After the end of World War I, both of the two newly created independent states of the Second Polish Republic and First Czechoslovak Republic claimed the area of Cieszyn Silesia. Czechoslovakia claimed the area partly on strategic and ethnic grounds, but especially on economic and historic grounds. The disputed area was part of the historic Czech lands of the Bohemian Crown. The only railway from Czech territory to eastern Slovakia ran through this area (Košice-Bohumín Railway), and access to the railway was critical for Czechoslovakia: the newly formed country was at war with Béla Kun's revolutionary Hungarian Soviet Republic, which was attempting to re-establish Hungarian sovereignty over Slovakia.
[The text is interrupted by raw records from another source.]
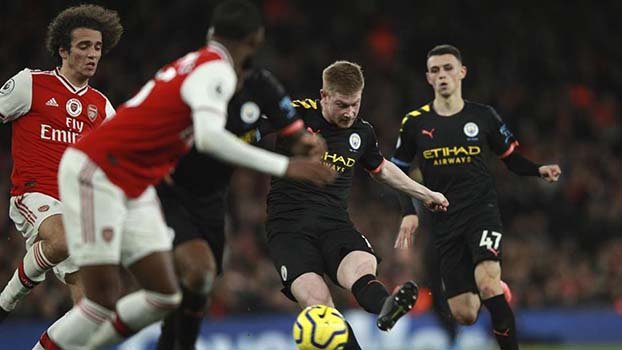 City devastate Arsenal with  De Bruyne masterpiece
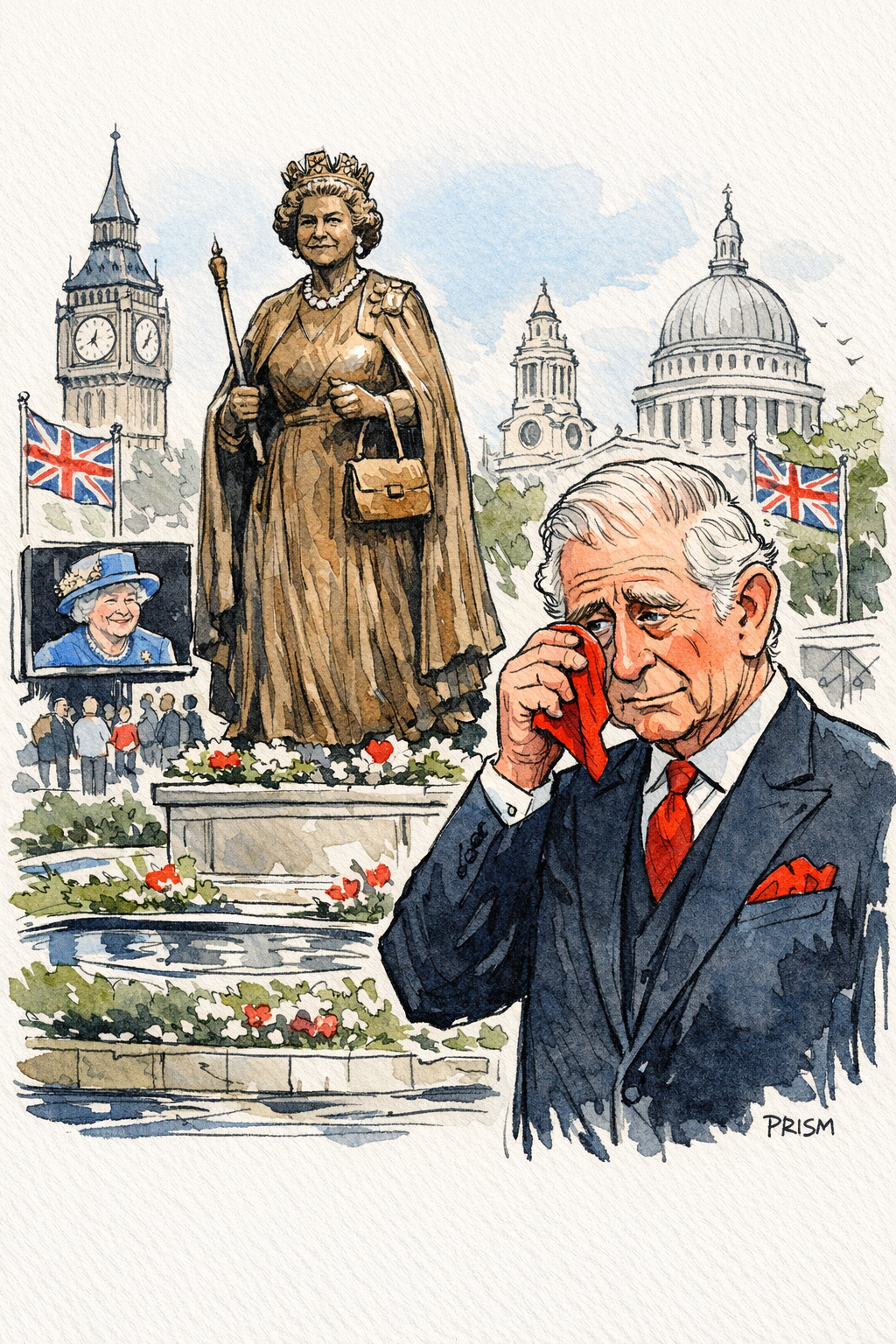 Charles III honore le centenaire d'Elizabeth II avec de nouveaux mémoriaux à Londres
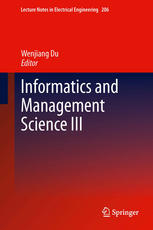Informatics And Management Science Iii 1st Edition Jianming Shen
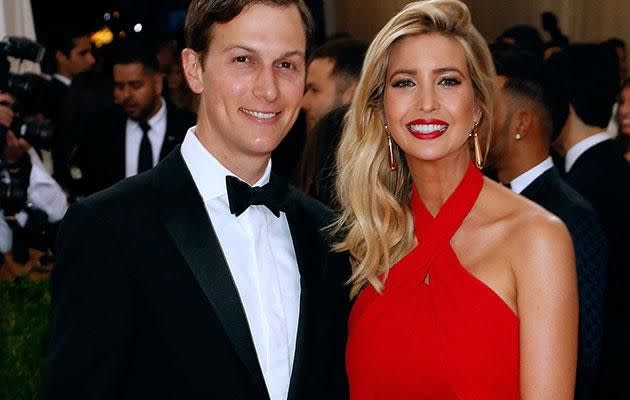 Ivanka and Jared at the Met Ball Gala. Source: Getty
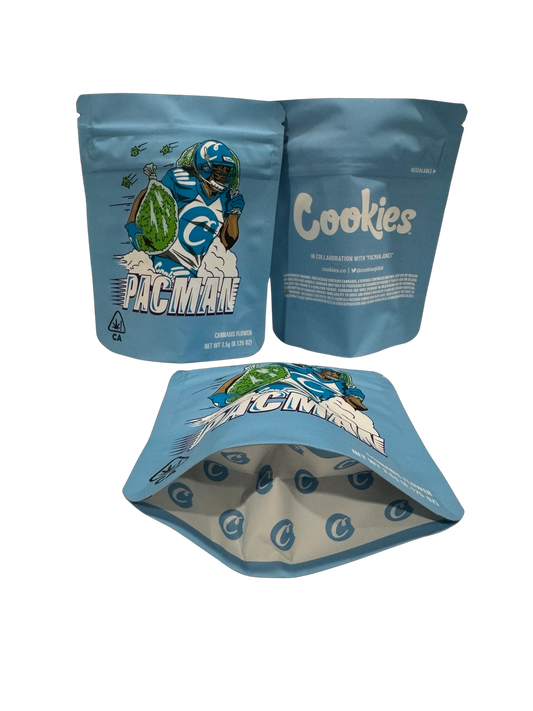 Pac Man Mylar Bags 3.5g Cookies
The area is also very rich in black coal, and it was the most industrialized region of all Austria-Hungary. The important Třinec Iron and Steel Works are also located here. All these raised the strategic importance of this region to Czechoslovakia. On the other hand, most of the population was Polish, despite substantial Czech and German minorities.
The Polish side based its claim to the area on ethnic criteria: a majority of the area's population was Polish according to the last (1910) Austro-Hungarian census.[1]
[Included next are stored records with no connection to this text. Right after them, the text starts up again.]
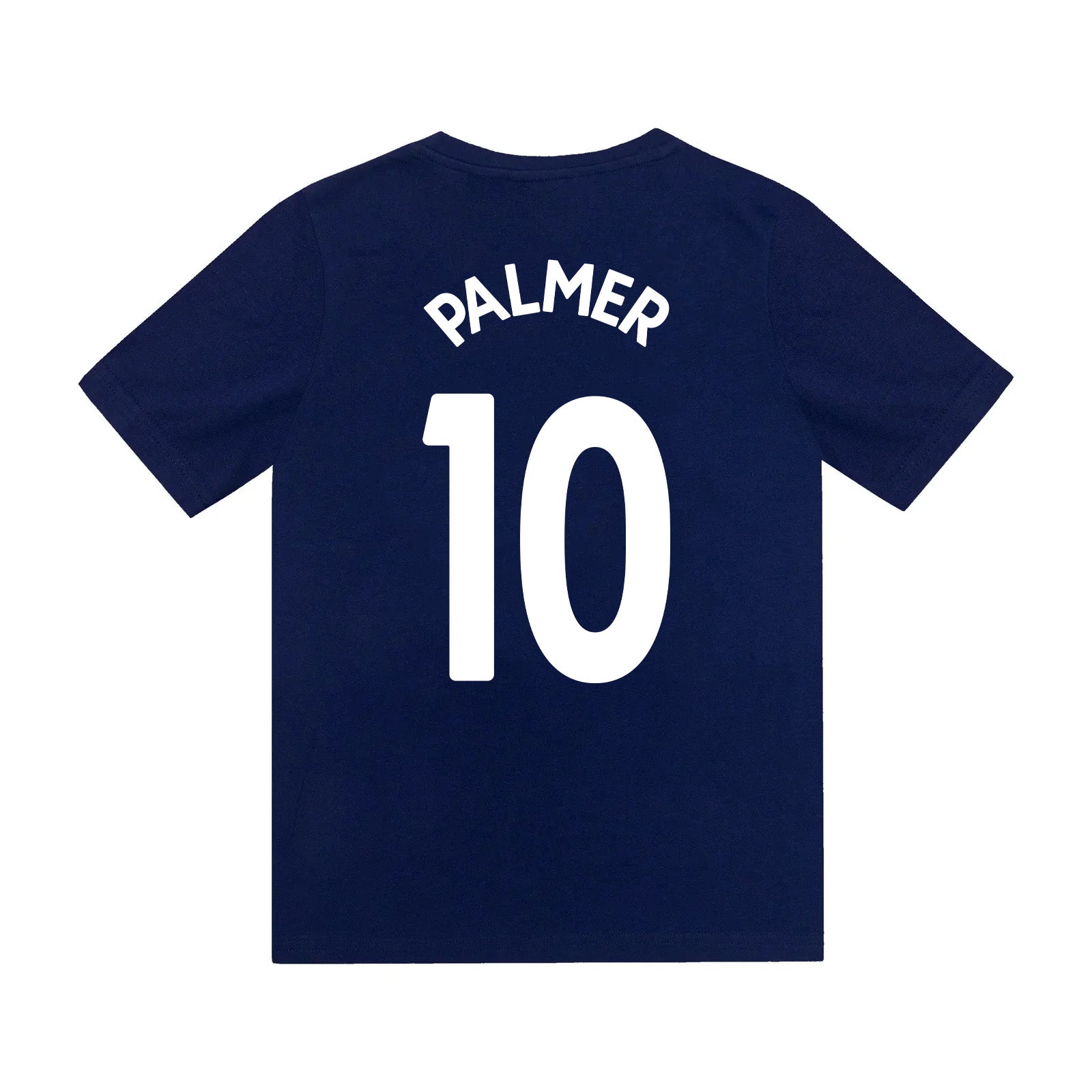 Chelsea kids pyjamas in blue. Short sleeve top with Chelsea branded graphic and shorts with CFC logo to the left leg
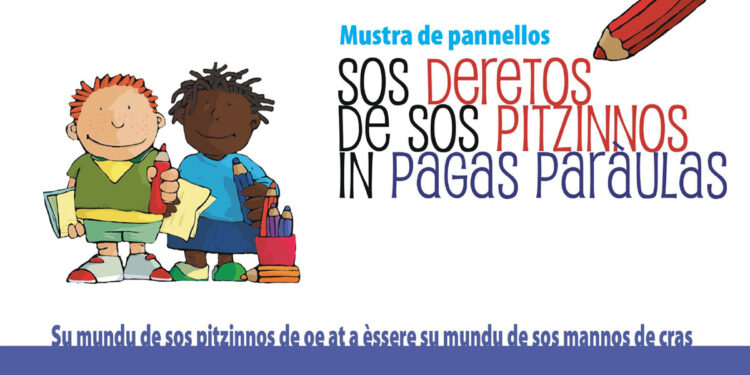 Sos deretos de sos pitzinnos in pagas paràulas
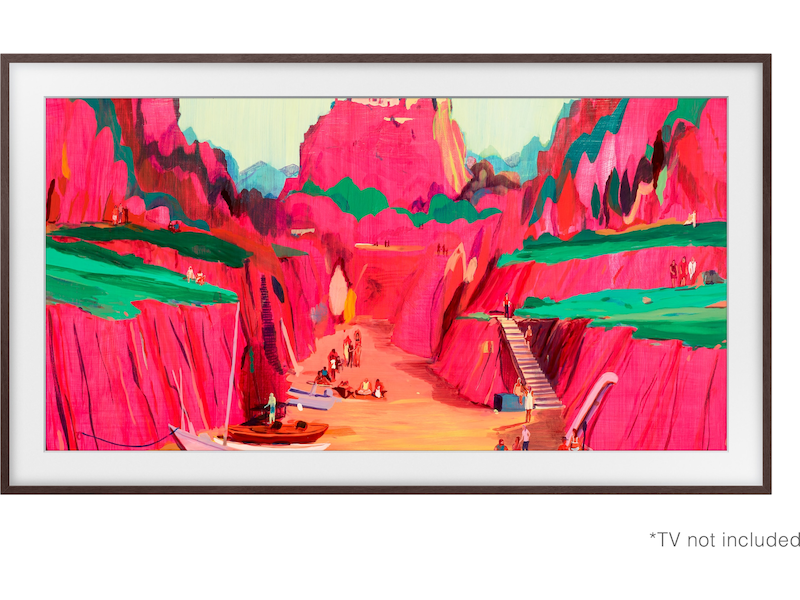 Samsung 75" ramme til The Frame og The Frame Pro (2021-2025, Phantom Brown) TV-rammer & tilbehør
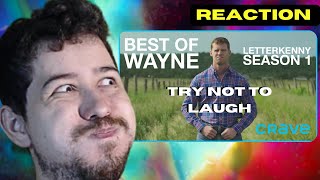 Try Not To Laught Challenge Letterkenny  Best of Wayne Season One REACTION [upl. by Enicnarf919]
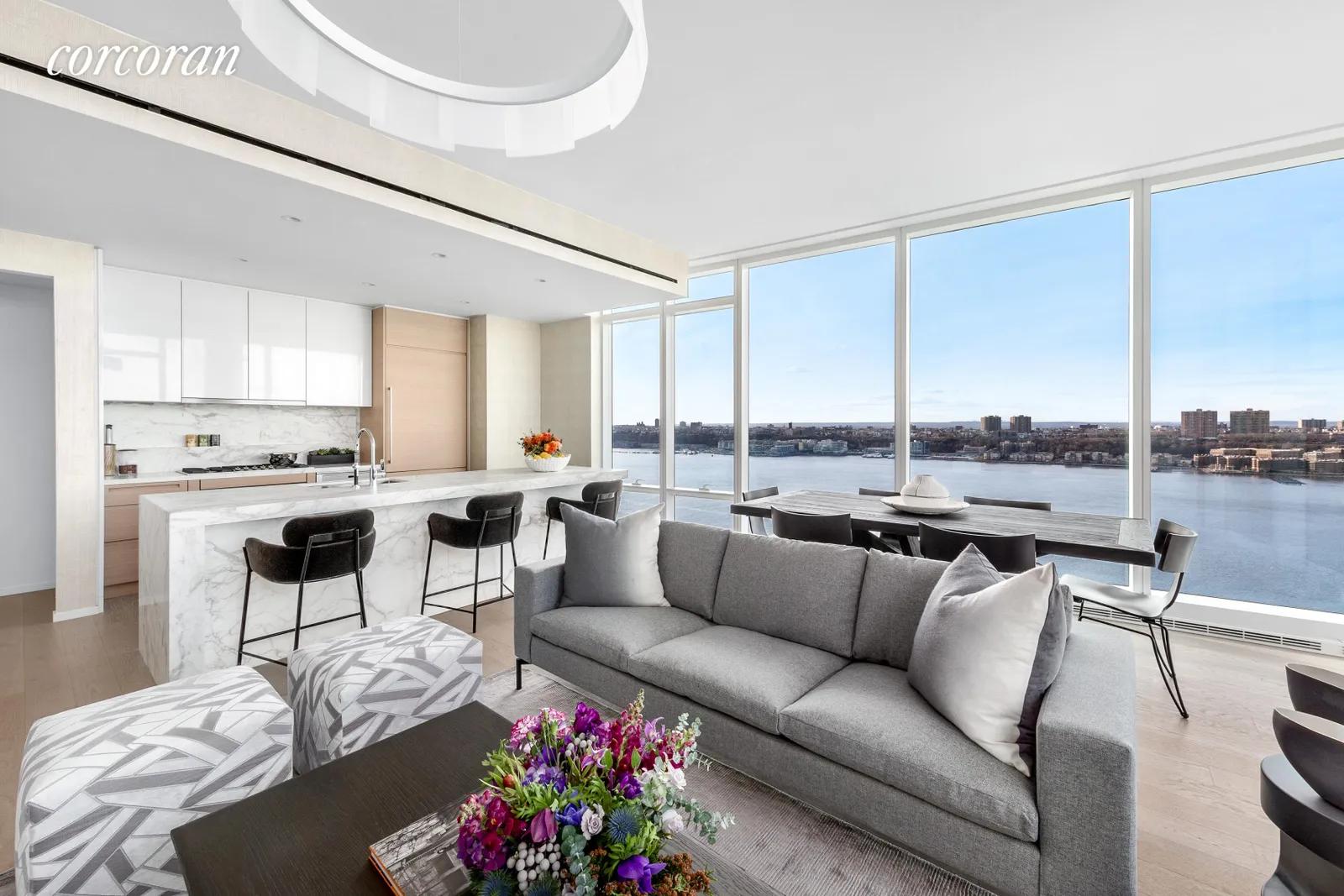 New York City Real Estate | View 30 Riverside Boulevard, 30B | Living Room | View 2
Two local self-government councils, Polish and Czech, were created. Initially, both national councils claimed the whole of Cieszyn Silesia for themselves, the Polish Rada Narodowa Księstwa Cieszyńskiego in its declaration "Ludu śląski!" of 30 October 1918 and the Czech Národní výbor pro Slezsko in its declaration of 1 November 1918.[2] On 31 October 1918, in the wake of World War I and the dissolution of Austria-Hungary, most of the area was taken over by local Polish authorities. The short-lived interim agreement of 2 November 1918 reflected the inability of the two national councils to come to final delimitation,[2] and on 5 November 1918 the area was divided between Poland and Czechoslovakia by another interim agreement.[1] In 1919 the councils were absorbed by the newly created independent central governments in Prague and Warsaw.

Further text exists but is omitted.